The case, which involves the same group responsible for the state’s recent Proposition 208 tax hike, concerns whether the state Constitution’s referendum procedure—whereby voters can repeal laws adopted by the Arizona Legislature—applies to legislation that raises revenues or spends money to maintain departments of the state government. But as our brief explains, the question also concerns the so-called Voter Protection Act (VPA), a provision of the Constitution that basically makes all initiatives—and all referenda—unrepealable.
Arizona’s Constitution says that all legislation is subject to referendum—meaning voters can repeal it—except laws “for the support and maintenance of the departments of the state government and state institutions.” That language was added when the Constitution was written in 1910, in order to avoid the fiascos that had resulted in Oregon, where the referendum power was so broad that voters caused financial chaos in the state. Under Arizona’s Constitution, tax laws designed to raise revenue for state institutions—such as schools—cannot be repealed by referendum. Yet pro-tax forces have launched a referendum effort to repeal the state’s recent adopted tax relief, including the flat tax enacted just months ago. Our friends at the Arizona Free Enterprise Club filed suit to block that unconstitutional use of the referendum power—and our brief expands on their arguments.
As our brief points out, there’s an additional complication: The VPA essentially forbids the Legislature from repealing or even altering any initiative or referendum. Not only that, but the Legislature is prohibited from enacting a law that is inconsistent with an initiative or referendum. What exactly that would mean in the context of a tax cut is unclear, because no court has ever addressed the question.

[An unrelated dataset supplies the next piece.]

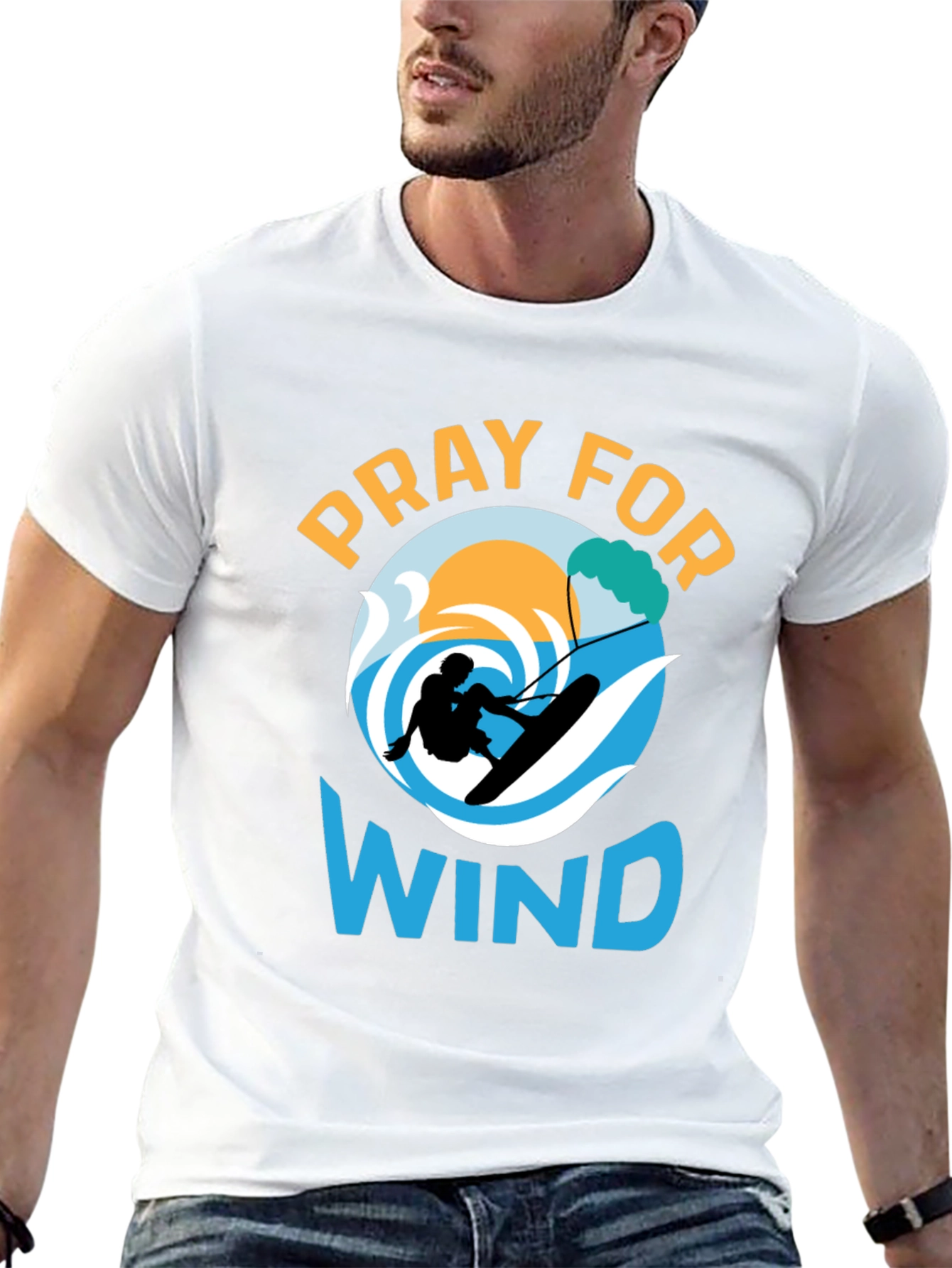 Pray for Wind Graphic Tee - Kitesurfing T-Shirt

But it would seem to mean, if a tax cut is voided by a referendum, and the Legislature can never adopt laws inconsistent with that voiding, that the Legislature would be barred from ever enacting tax cuts—or perhaps even tax increases—in the future.
That would be a bizarre consequence, indeed—which is all the more reason that the courts should heed the constitutional prohibition on referendums for laws “for the support and maintenance of the departments of the state.”
Timothy Sandefur is the Vice President for Litigation at the Goldwater Institute.